Ethical considerations

This study was reviewed and approved by the Institutional Ethical Committee at Instituto Nacional de Salud, Colombia (CEMIN-09–2020). All patients signed the informed consent form. Patients’ information was anonymized to protect their identity.

Study population

This is a retrospective study, with consecutive non-probabilistic sampling. Patients from three different military locations that had a previously confirmed diagnosis for SARS-CoV-2 were included. They were divided into two observation groups according to their isolation conditions. The first group of patients (n=33) were soldiers placed in isolation at a hospital setting in Bogotá, Colombia after an outbreak in their military base. Patients were gradually quarantined when they tested positive; every 7 or 14 days they were tested by the hospital. As all patients were positive, they had been placed in reduced spaces (nine patients per room). The second group enrolled (n=37) consisted of soldiers who were in military camps in two different departments, Antioquia (ANT) and Valle del Cauca (VAC), Colombia. After a visit to those locations and due to the persistent positive results in both groups, we recommended that patients wear disposable surgical masks (daily replaced), improve cleaning and disinfecting from patients’ facilities and increase physical distancing between patients.
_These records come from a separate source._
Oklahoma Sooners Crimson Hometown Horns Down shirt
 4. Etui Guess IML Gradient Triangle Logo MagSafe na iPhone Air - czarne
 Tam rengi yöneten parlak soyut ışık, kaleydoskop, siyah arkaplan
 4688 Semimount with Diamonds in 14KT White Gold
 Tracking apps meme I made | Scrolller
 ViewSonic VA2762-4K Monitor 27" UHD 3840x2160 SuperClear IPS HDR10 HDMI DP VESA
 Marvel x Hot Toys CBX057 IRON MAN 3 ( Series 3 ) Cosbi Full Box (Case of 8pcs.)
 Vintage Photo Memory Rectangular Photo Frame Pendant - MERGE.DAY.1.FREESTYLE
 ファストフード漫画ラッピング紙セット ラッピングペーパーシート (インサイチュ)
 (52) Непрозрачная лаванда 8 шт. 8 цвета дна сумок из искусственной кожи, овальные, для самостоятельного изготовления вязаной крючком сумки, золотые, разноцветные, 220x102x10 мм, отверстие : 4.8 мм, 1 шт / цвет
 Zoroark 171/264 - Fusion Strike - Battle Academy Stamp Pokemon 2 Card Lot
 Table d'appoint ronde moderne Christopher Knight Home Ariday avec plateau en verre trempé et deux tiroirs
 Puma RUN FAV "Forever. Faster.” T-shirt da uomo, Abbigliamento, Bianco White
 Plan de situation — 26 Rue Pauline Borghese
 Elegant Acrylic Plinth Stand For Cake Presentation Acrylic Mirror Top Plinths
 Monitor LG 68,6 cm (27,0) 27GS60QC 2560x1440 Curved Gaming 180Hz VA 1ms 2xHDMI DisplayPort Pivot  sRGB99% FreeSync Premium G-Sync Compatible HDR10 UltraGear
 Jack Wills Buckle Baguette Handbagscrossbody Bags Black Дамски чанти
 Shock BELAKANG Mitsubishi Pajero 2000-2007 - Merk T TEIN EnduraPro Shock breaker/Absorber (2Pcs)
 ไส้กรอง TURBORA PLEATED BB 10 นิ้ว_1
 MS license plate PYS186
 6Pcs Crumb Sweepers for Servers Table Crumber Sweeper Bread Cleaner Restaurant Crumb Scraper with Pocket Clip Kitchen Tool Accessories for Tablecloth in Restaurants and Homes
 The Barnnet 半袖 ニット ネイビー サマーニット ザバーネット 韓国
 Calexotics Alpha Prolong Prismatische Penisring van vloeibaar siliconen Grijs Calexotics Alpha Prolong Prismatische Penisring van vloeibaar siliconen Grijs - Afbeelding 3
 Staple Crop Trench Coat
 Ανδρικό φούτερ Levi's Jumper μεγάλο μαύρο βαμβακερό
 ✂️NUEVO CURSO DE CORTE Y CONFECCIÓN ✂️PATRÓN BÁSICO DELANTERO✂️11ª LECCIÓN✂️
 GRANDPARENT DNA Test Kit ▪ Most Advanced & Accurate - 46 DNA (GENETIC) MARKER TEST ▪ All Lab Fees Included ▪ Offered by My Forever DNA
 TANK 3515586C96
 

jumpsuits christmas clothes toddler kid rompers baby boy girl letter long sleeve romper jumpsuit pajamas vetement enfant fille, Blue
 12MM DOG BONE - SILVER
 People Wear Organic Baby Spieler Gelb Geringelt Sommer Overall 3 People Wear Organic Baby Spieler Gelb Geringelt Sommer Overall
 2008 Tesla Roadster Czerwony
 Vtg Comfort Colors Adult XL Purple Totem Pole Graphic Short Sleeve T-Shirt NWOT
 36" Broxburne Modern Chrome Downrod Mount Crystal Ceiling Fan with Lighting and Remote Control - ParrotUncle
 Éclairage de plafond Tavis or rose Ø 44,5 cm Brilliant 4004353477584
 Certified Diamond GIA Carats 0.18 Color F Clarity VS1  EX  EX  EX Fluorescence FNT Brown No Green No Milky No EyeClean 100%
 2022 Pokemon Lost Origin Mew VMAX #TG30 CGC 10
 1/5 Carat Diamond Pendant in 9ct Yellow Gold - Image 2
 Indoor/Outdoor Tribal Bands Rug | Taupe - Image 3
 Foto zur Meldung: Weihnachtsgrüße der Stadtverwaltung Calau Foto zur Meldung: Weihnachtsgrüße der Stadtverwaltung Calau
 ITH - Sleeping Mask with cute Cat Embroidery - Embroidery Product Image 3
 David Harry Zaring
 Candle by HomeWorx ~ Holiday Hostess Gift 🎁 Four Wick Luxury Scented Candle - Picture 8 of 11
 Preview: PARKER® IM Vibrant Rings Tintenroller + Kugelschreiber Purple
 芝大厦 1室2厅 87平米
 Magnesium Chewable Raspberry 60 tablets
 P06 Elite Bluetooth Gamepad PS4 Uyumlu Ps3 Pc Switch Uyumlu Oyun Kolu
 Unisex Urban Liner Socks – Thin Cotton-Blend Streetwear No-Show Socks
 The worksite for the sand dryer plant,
One week later and after they followed the above-mentioned recommendations, nasopharyngeal swabs and blood samples were taken from every patient by our laboratory. Patients with two consecutive negative results by RT-PCR were informed and discharged, and those who remained positive were maintained under observation. After ten more days, new nasopharyngeal swabs and blood samples were collected, as well as rectal swab samples (Fig. S1, available in the online version of this article). Patients that remained positive were under observation until their discharge.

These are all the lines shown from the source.